Increasing globalization and regional integration creates the need for good knowledge of international commercial law. This knowledge is especially important if you wish to enter a career in the field of international private law and when you are planning of becoming a lawyer working in internationally operating private firms or law firms. This LLM programme covers specialization in (international) commercial law, especially with regard to contracts and subjects of contracts, and also looks at the solving of (commercial) disputes when needed. Core courses: International Contracts Law, Comparative Property Law, International Commercial Dispute Settlement Law, Comparative Private International Law, Seminar Contracts Law, Comparative Tort Law, Cross-border Commercial Transactions

Human rights are of all times and places, they are just not recognized everywhere, nor interpreted the same in all countries. There are several human rights systems in place and, in some cases, it can leave victims and their lawyers in a situation where they have to choose which forum to go to or which system to choose to seek their justice. In this programme, you will be trained in human rights at the international level, but also in international humanitarian law and other related fields of (international) law. You will learn about the different systems and how human rights are interpreted within these systems and in different countries. Core courses: International Human Rights Law, International Institutional Law, International Health Law, International Criminal Tribunals and Courts.

Imagine a peaceful, prosperous and environmentally sustainable world society where human dignity and social justice were widely respected. Would this be possible without international law? Allow yourself to become a good international lawyer by getting to know the achievements and shortcomings or international law today, and develop ideas about how to improve international law by acquiring the skills to advise your government, an international organization, a company, individuals, or groups. This LLM programme is designed to provide an optimal mix of learning to ensure the realization of our goals in the field of knowledge dissemination and the training of academic, legal, and practical skills. Within these parameters the programme offers some flexibility in the range of courses that can be chosen, and students can opt for a peace & security, an economic/environmental, or a dispute settlement focus. Core courses: International Human Rights Law, International Institutional Law, UN Peacekeeping and Peace Enforcement, Settlement of International Disputes, Advanced International Law, International Law in Practice.

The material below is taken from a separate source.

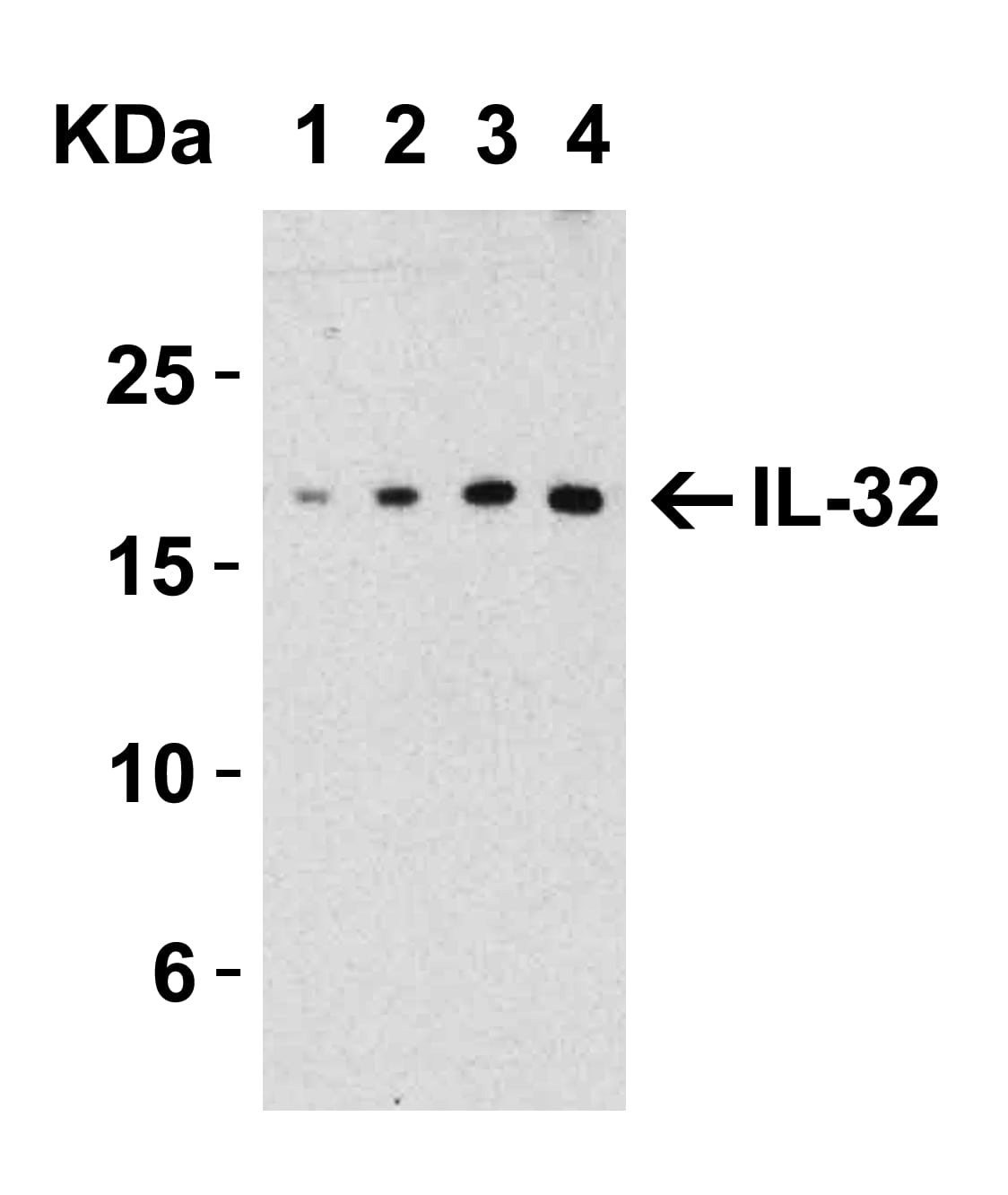 Western Blot IL-32 Antibody - BSA Free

Attending an LL.M. Programme at RuG has been a very rewarding choice indeed. The list of courses offered is broad enough to cover one’s academic interests and their content fully corresponds to the legal practitioner’s professional needs. The number of attendants per class is kept to such limits so as to facilitate learning and interaction in class. Professors are highly qualified and thus provide students with the most updated developments systematically, yet simultaneously leaving room for discussion.

Additionally, the people forming RuG’s administrative staff are always there for the student, either by everyday contact for practical matters or by organizing events that encourage a student’s integration in the social and political life of the University, the city of Groningen and the Netherlands as a whole. Thanks to them, I felt particularly at home.

The educational facilities are exceptional, thanks to the vast number of books and periodicals forming the catalogue of the University’s Library.

Compact in size, with a vast population of Dutch and international students, Groningen is definitely an ideal city for students itself.

It is for all these reasons that I returned to Groningen after 5 years of my first stay there as an Erasmus student in 2001.